RECORD SET START

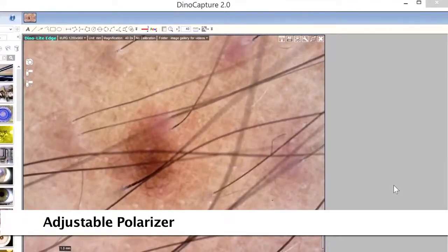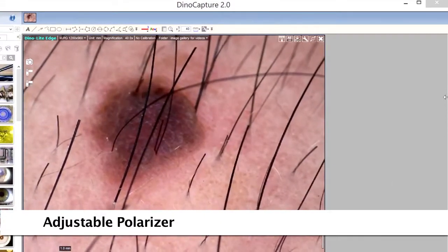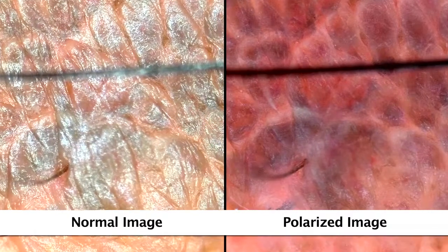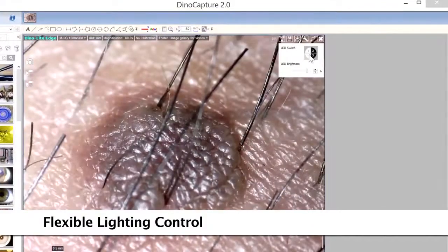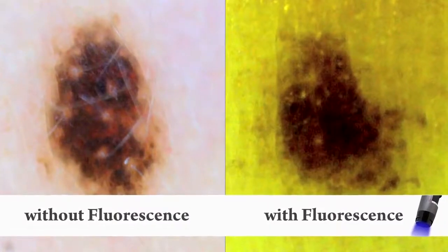Some models have a built-on adjustable polarizer that helps provide more clarity and different results in imaging. There are also different fluorescent models to choose from with varying wavelengths.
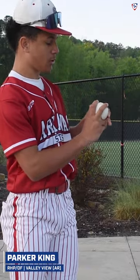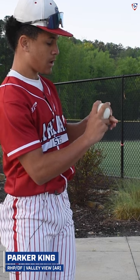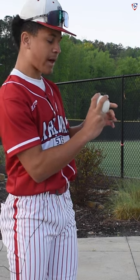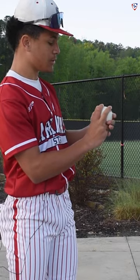So we got my two-seam grip. I normally just have these two horseshoes right here that are facing inwards. I normally just try to grip on the outer parts of those and just throw it, and then on command it should do what I want it to do.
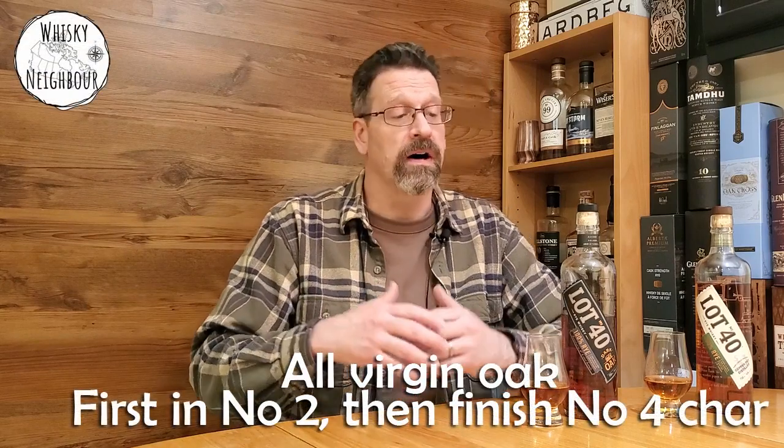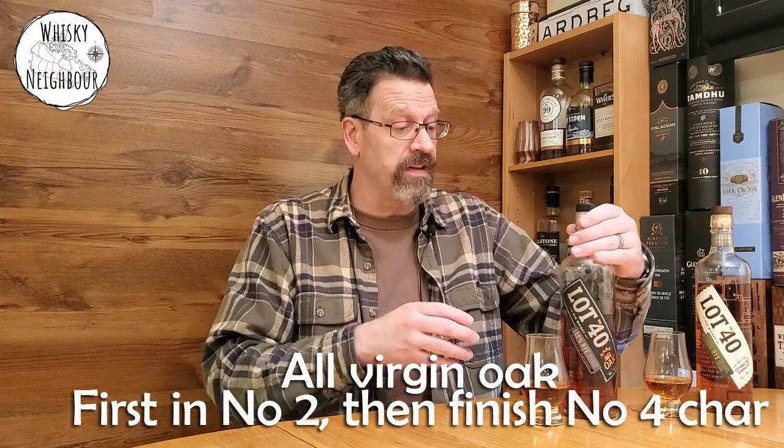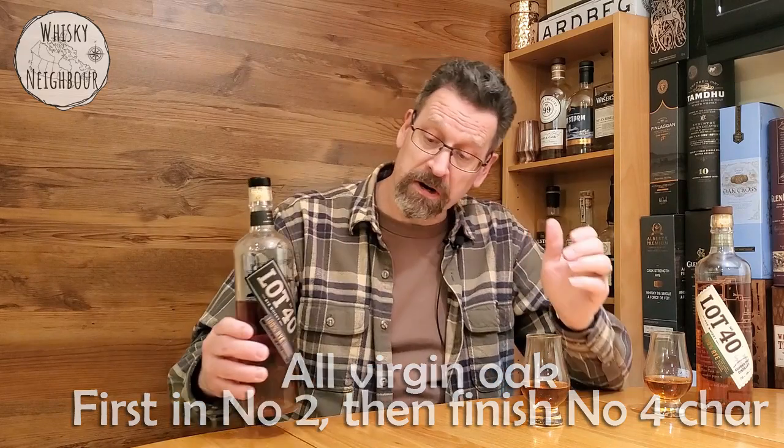Then aged in new charred American Oak. Now the regular Lot 40 is charred in number two. Regular maturation — how long, I really don't know. I always feel like it's about a five-year-old whiskey, but I don't know why I feel that way. Then they age this in a number four barrel char — and I don't know how long more. So the regular Lot 40 is aged regular, and then they finish it in a number four charred barrel. It is a little darker, and they release this at 48%.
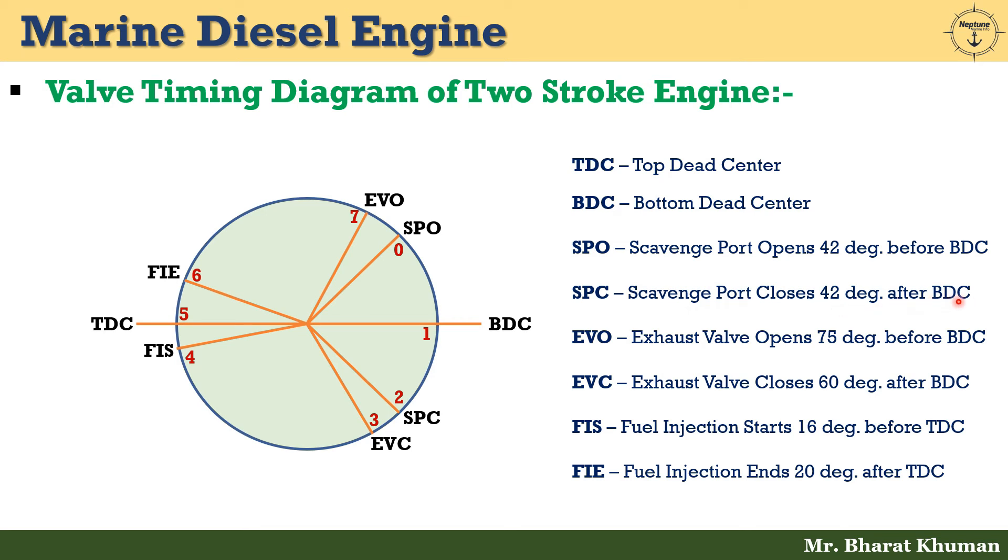From position 2 to 3, post-scavenging takes place. Position 3 represents EVC — exhaust valve closes 60 degrees after BDC. From position 3 to 4, compression of air occurs. At position 4 is FIS — fuel injection starts 60 degrees before TDC (top dead center).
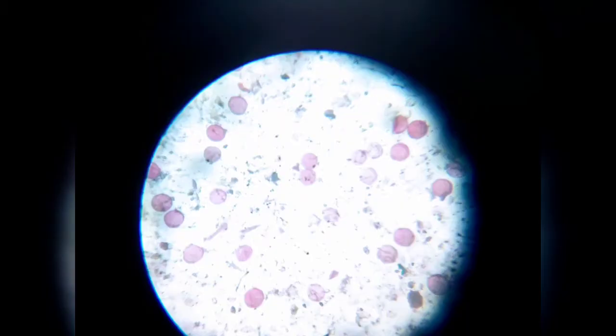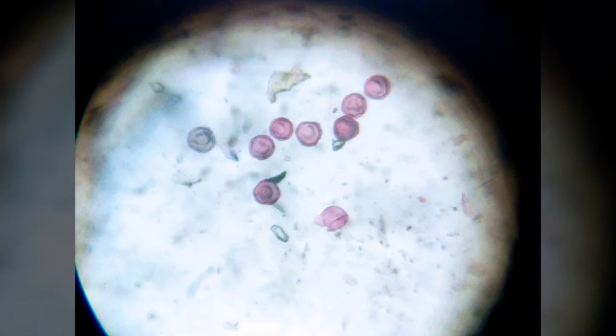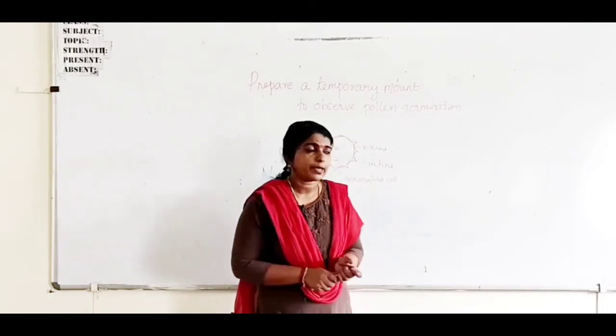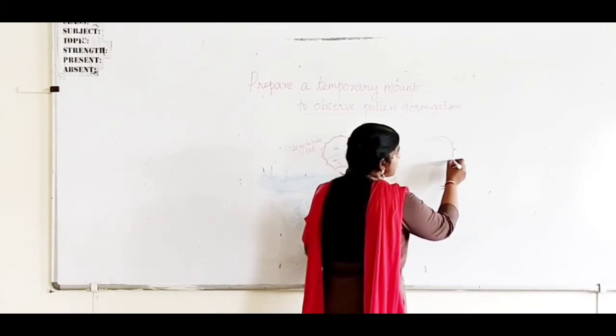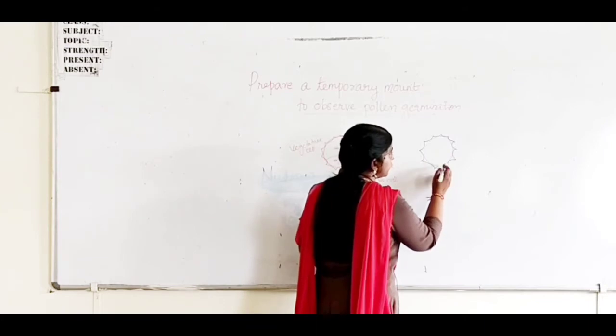In this way you can see the pollen grains through the microscope. Some of the pollen grains start to develop the pollen tube, which you can observe through the microscope. Some pollen grains start to germinate. During pollen germination, the pollen tube develops and comes out through one of the germ pores.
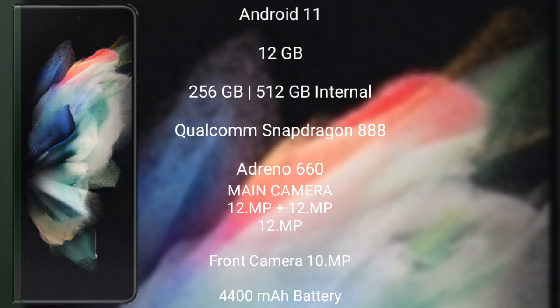The Samsung Galaxy Z Fold 3 runs on Android 11. It comes with 8GB or 12GB RAM, 256GB or 512GB internal storage, a Qualcomm Snapdragon 888 processor, Adreno 660 GPU, a triple rear camera setup of 12 megapixel plus 12 megapixel plus 12 megapixel, a 10 megapixel front camera, a 4400mAh battery, and 25-watt fast charging support.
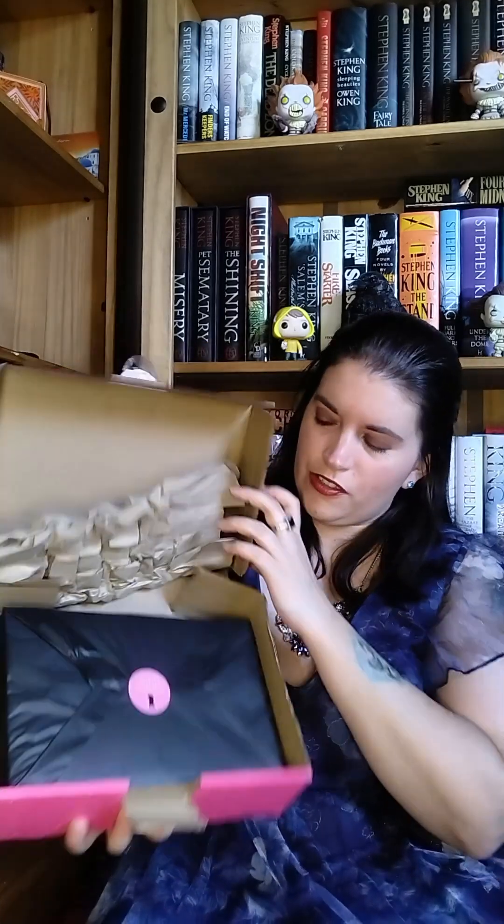So this is what the locked library boxes always look like. The locked library boxes always come in this wonderful little tissue paper envelope, and on it, it says 'shush, I'm reading.'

RECORD SET END

_WHAT TO DO_: Output verbatim the lines beginning at the line with "From position 2" and ending at the last line of the material above, inclusive. Do not carry over any pictures.

_TASK ANSWER_:
From position 2 to 3, post-scavenging takes place. Position 3 represents EVC — exhaust valve closes 60 degrees after BDC. From position 3 to 4, compression of air occurs. At position 4 is FIS — fuel injection starts 60 degrees before TDC (top dead center).
In this way you can see the pollen grains through the microscope. Some of the pollen grains start to develop the pollen tube, which you can observe through the microscope. Some pollen grains start to germinate. During pollen germination, the pollen tube develops and comes out through one of the germ pores.
The Samsung Galaxy Z Fold 3 runs on Android 11. It comes with 8GB or 12GB RAM, 256GB or 512GB internal storage, a Qualcomm Snapdragon 888 processor, Adreno 660 GPU, a triple rear camera setup of 12 megapixel plus 12 megapixel plus 12 megapixel, a 10 megapixel front camera, a 4400mAh battery, and 25-watt fast charging support.
So this is what the locked library boxes always look like. The locked library boxes always come in this wonderful little tissue paper envelope, and on it, it says 'shush, I'm reading.'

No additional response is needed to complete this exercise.